In Agner Fog's Optimizing C++ manual he has a section "Inlined functions have a non-inlined copy" where he writes
Function inlining has the complication that the same function may be called from another module. The compiler has to make a non-inlined copy of the inlined function for the sake of the possibility that the function is also called from another module. This non-inlined copy is dead code if no other modules call the function. This fragmentation of the code makes caching less efficient.
Let's make a test for this.
foo.h
inline double foo(double x) {
return x;
}
t1.cpp
#include "foo.h"
double t1(double x) {
return foo(x);
}
main.cpp
#include <stdio.h>
extern double foo(double);
int main(void) {
printf("%f\n", foo(3.14159));
}
compile with g++ t1.cpp main.cpp
and it runs correctly. If I do g++ -S t1.cpp main.cpp
and look at the assembly I see that main.s
calls a function defined in t1.s
. Doing g++ -c main.cpp
and g++ t1.cpp
and looking at the symbols with nm
shows U _Z3food
in main.o
and W _Z3food
in t1.o
. So it's clear that Agner's claim of there being a non-inlined copy is correct.
What about with g++ -O1 t1.cpp main.cpp
? This fails to compile due to foo
being undefined. Doing g++ -O1 t1.cpp
and nm t1.o
shows that _Z3food
has been stripped out.
Now I am confused. I did not expect g++ to remove the non-inline copy with optimization enabled.

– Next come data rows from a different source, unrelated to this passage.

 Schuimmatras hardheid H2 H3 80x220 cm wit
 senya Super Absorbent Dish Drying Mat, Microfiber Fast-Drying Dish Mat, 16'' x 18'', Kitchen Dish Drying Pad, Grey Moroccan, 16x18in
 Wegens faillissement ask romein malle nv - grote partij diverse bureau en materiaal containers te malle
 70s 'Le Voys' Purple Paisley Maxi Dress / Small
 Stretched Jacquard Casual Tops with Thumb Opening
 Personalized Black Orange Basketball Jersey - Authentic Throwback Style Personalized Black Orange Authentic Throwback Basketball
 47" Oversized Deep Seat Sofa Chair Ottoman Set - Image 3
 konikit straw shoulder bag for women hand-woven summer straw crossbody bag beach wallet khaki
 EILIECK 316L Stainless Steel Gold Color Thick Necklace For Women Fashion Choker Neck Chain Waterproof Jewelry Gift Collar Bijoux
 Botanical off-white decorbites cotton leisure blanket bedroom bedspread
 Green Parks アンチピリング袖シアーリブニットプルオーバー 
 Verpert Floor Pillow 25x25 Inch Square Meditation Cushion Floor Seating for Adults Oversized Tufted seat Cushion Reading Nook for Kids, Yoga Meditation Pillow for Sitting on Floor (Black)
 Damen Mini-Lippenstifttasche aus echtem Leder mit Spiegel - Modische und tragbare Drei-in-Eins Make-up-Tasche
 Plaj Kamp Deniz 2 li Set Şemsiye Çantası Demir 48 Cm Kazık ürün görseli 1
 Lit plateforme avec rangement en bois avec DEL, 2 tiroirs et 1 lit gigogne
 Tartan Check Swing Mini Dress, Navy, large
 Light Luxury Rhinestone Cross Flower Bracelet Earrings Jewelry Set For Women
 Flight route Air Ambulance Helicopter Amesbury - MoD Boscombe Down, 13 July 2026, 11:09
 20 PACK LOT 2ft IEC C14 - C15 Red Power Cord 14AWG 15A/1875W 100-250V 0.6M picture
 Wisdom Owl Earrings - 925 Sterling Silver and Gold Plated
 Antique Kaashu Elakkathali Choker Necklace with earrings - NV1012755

It seems that with optimization enabled inline
is equivalent to static inline
. But without optimization inline
means there is a non-inline copy generated.
Maybe GCC does not think I would ever want the non-inline copy. But I can think of a case. Let's say I wanted to create a library and in the library I want a function defined in multiple translation units (so that the compiler could inline the code for the function in each translation unit) but I also want an external module linking to my library to be able to call the function defined in the library. I would obviously need a non-inlined version of the function for this.
One suggestion Agner gives if I don't want the non-inline copy is to use static inline
. But from this question and answers I infer that this is only useful to show intent. So on the one hand it's clear it's more than just intent without using optimization since it makes a non-inline copy. But on the other had, with optimization it really only seems to show intent since the non-inline copy is stripped away. This is confusing.
My questions:
- Is GCC correct in stripping away the non-inline copy with optimization enabled? In other words should there always be a non-inline copy if I don't use
static inline
? - If I want to be certain that there is not a non-inline copy should I use
static inline
?
I just realized that I could have misinterpreted Agner's statement. When he says function inlinng he may be referering to the compiler inclining the code and not to the use of the inline
keyword. In other words he could be referring to functions defined with extern
and not with inline
or static
.
for example
//foo.cpp
int foo(int x) {
return x;
}
float bar(int x) {
return 1.0*foo(x);
}
and
//main.cpp
#include <stdio.h>
extern float bar(int x);
int main(void) {
printf("%f\n", bar(3));
}
compile with gcc -O3 foo.cpp main.cpp
shows that foo
was inline in bar
but that a non-inlined copy of foo
which is never used is in the binary.